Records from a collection
---------------

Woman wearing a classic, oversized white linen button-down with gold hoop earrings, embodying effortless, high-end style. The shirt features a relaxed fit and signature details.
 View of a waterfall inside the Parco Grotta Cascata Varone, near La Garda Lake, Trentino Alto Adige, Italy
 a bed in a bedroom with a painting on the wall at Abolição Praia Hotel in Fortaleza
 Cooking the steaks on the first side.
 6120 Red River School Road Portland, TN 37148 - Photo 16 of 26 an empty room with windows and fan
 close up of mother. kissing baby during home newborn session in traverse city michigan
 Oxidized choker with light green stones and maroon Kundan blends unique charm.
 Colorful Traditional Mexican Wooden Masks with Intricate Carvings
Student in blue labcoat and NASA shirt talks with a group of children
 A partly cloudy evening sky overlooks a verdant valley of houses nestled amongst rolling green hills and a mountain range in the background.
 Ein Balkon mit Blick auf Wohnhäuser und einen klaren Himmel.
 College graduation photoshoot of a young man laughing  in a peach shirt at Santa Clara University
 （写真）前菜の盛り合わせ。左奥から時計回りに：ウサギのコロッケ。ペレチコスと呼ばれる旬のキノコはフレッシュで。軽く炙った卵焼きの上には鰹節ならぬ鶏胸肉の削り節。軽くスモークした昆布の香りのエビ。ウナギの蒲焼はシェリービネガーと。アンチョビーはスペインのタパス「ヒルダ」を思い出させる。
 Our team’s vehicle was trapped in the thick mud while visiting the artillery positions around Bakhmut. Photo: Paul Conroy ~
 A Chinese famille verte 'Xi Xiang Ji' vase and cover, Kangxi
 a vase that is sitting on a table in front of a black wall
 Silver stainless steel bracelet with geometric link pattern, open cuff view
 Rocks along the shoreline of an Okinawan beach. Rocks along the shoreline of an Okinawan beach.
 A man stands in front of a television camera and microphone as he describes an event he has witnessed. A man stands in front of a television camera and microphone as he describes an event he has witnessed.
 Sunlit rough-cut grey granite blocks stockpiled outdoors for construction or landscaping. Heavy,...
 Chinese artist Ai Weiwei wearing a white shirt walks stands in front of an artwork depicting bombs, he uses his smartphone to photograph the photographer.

---------------

* Task to complete: Would you retype the lines of the data above, from the one holding "Sunlit rough-cut grey" through its final line, exactly and without adding any other line?

* Response for this exercise:
 Sunlit rough-cut grey granite blocks stockpiled outdoors for construction or landscaping. Heavy,...
 Chinese artist Ai Weiwei wearing a white shirt walks stands in front of an artwork depicting bombs, he uses his smartphone to photograph the photographer.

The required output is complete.